There are a lot of people at the venue tonight anyway, and Masakari are playing next. Going to get myself a beer and try and enjoy tonight at least. Decision time for us us tomorrow, not a lot we can do about it right now.

Later still:

Strange night. The show itself was really good, but throughout the entire set I found myself thinking about this weekend, about Jenny coming in on her flight, about how we're going to sort out this mess once she gets here. It's looking like a real shitstorm is about to unleash on New York City.

The toilet situation at this venue was not ideal either. First off, the men's toilet had no door on the cubicle (what the fuck is that about really?), and then the toilet was broken anyway. I really needed to shit and decided to chance the women's. I walk in and I'm faced with two cubicles, both with doors, but neither of them has a lock or indeed a door handle. I choose the cubicle furthest in and sit down. The fucking door swings open so I have to go about my business using one hand to hold on to the door, which for good measure is only about three foot high. Just as I drop my load, someone else comes into the room and sits down in the cubicle beside me. Fuck. My shit stinks too. This is akward. I wait it out for a while but the girl in the cubicle beside me seems to be going nowhere. I have to get out of here. I pull up my kecks, whilst trying to keep the door from swinging open, and then go to leave. As I do the girl in the cubicle beside me is doing the exact same thing. Fucking embarrasing! The girl kind startles and I go, “Whoa, sorry!” like a complete fucking geek. I rush to leave but then decide to wait around and apologise for scaring her. She's actually really cool about it. I just sort of shoot off and hide somewhere after that. Is the concept of a funcitoning toilet door completely beyond comprehension in this fucking country?

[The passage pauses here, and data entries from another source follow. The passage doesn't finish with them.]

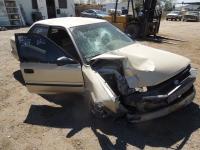 https://www.towlot.com/carimages/11312/20250404/DSCN9280_thumb.JPG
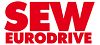 Bachelorand / Masterand - Quantencomputing für industrielle Anwendungen (w/m/d)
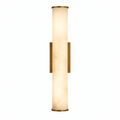Luma Core Small LED Wall Sconce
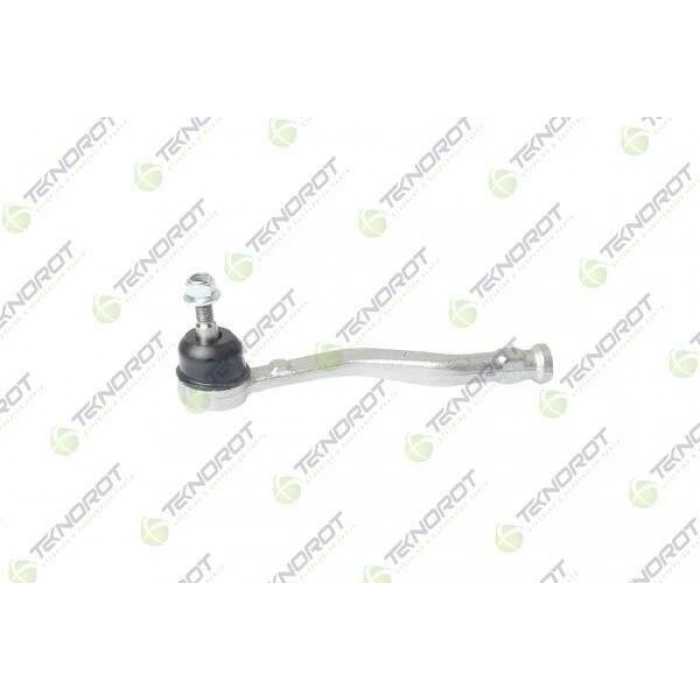 ROT BASI ON SOL CITROEN C4 CACTUS 2014- / PEUGEOT 208 2012- / PEUGEOT 2008 2013-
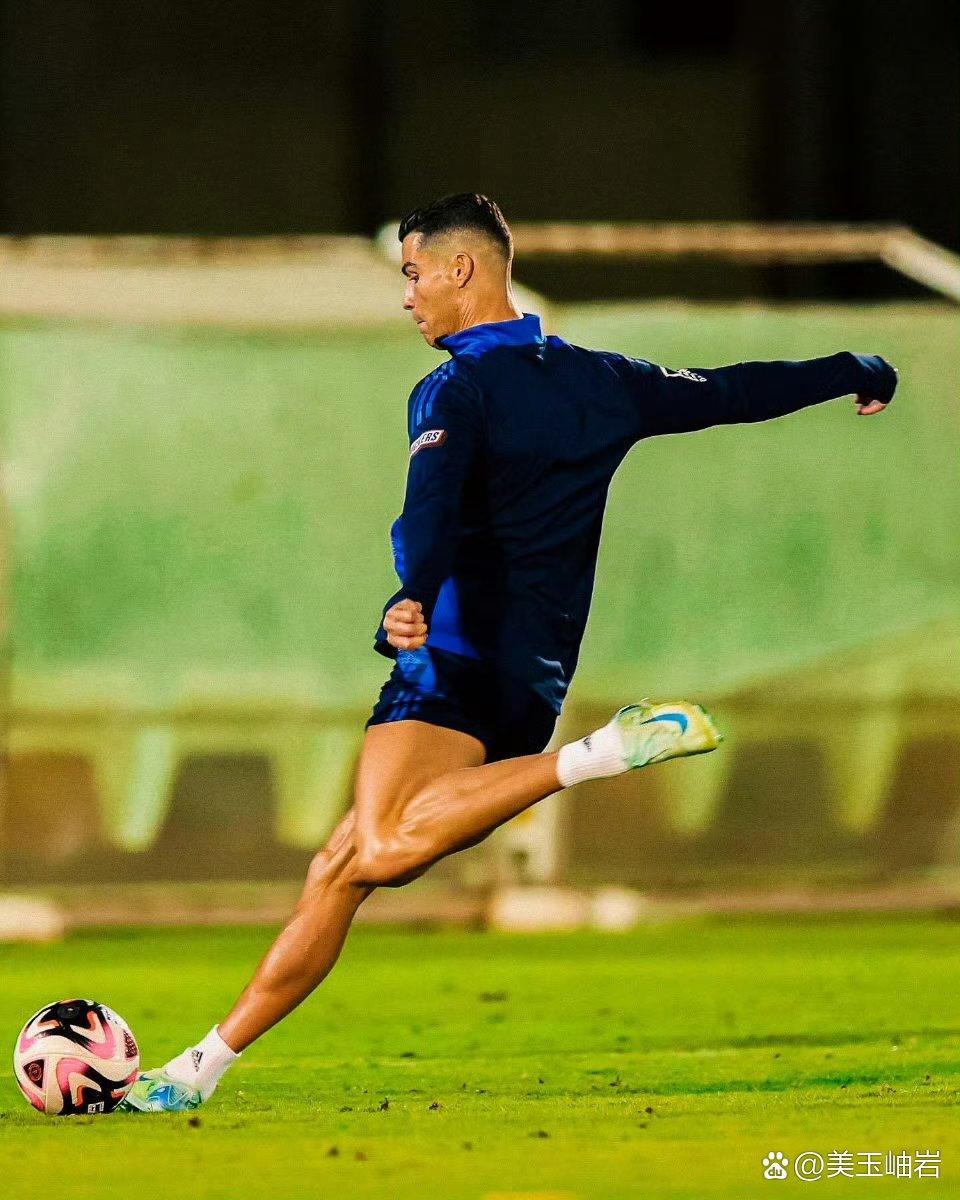  c罗赛事官方发布关键助攻新规,日本队争议不断的原因 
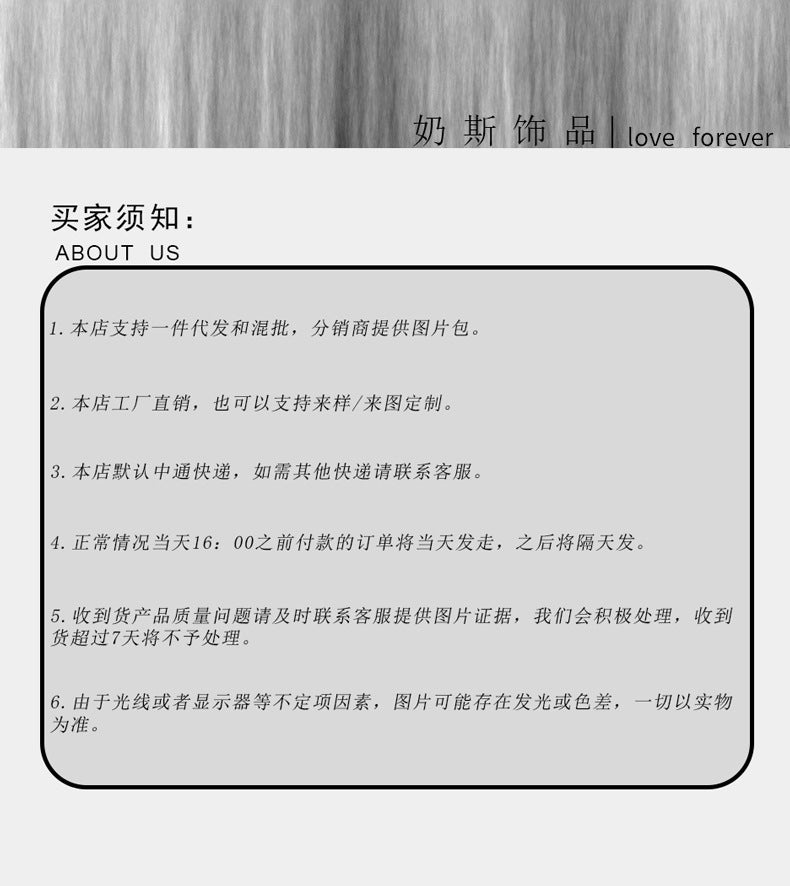 Light Luxury Niche Design Y2K Necklace Bracelet Set Elegant Versatile Sweet Cool Spicy Girl Choker High-end Collarbone Chain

I've heard a lot about how the Cleveland punk and hardcore scene is special. Jon told me about the time they played here on a previous tour with 9 Shocks Terror, about the crowd being brutal. When we loaded in earlier the girl working the sound asked us if we wanted to set up on the floor. The room itself was pretty cool, with a high stage at the one end and a big skateboard ramp at the other. Matt had warned us to take the stage, so we did, although I was thinking that it could have been fun to brave the floor.

After watching Masakari though, I understood why Matt told us to play on the stage. Three songs in, and the place just erupts. I'm stood by the side wall on a long bench, watching the show and a surge of about twenty people hurtle towards me and then hit the ground hard. They get picked up, but from there it just escalates. The singer from Masakari, Tony, is right in the middle of it all. Next thing I see, there is a large, plastic rubbish bin being thrown around aimlessly. Just I'm starting to think that somebody could really get hurt, Tony puts the bin over his head and shoulders and charges at the crowd, getting the shit beat out of him as he does so. The rest of their show carries on in the same fashion and how the band escape without any injury is totally beyond me.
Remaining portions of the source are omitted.